Part of working with billing data is working with data exported to BigQuery. In this lab, we are going to view sample billing exports maintained by Google, and conduct queries against a public dataset of billing exports. This will be a fun lab in that we can play around with SQL queries in BigQuery and see what kind of results we can get. Let’s get started!
From the top left menu, scroll down to Big Data, and select BigQuery.
Run queries and view results
Now that we are in BigQuery, let’s look at the sample dataset we are going to work with. We are going to view all columns in our example table to see what fields are included. From the large Query Editor box, copy and paste the following query, then click the Run button:
SELECT * FROM `cloud-training-prod-bucket.arch_infra.billing_data`
The cloud-training-prod-bucket.arch_infra.billing_data is the public dataset we are working with.
If we click the Results tab underneath, we can view the entire table we are going to work with.
Feel free to experiment with other queries such as ordering by cost or usage amount by adding the below string to your query to sort by the column of your choice:
SELECT * FROM `cloud-training-prod-bucket.arch_infra.billing_data` ORDER BY cost DESC
In this query, we are bringing up the entire table contents, but sorting by the highest cost first. You can experiment with other fields as well.
Let’s now do some specific queries.
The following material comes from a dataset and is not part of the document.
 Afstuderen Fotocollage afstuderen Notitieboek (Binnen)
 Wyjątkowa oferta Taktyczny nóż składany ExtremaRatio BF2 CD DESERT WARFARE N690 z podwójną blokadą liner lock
In the same Query editor box, delete the existing contents, and enter the below query to find all charges that were more than 3 dollars:
SELECT product, resource_type, start_time, end_time, cost, project_id, project_name, project_labels_key, currency, currency_conversion_rate, usage_amount, usage_unit FROM `cloud-training-prod-bucket.arch_infra.billing_data` WHERE (cost > 3)
Next let’s find which product had the highest total number of records:
SELECT product, COUNT(*) FROM `cloud-training-prod-bucket.arch_infra.billing_data` GROUP BY product LIMIT 200
Looks like Pub/Sub is pretty popular here…
Finally, let’s see which product most frequently cost more than a dollar:
SELECT product, cost, COUNT(*) FROM `cloud-training-prod-bucket.arch_infra.billing_data` WHERE (cost > 1) GROUP BY cost, product LIMIT 200
That will conclude this lab. The great thing about working with BigQuery is the flexibility of discovering what you can learn from your data.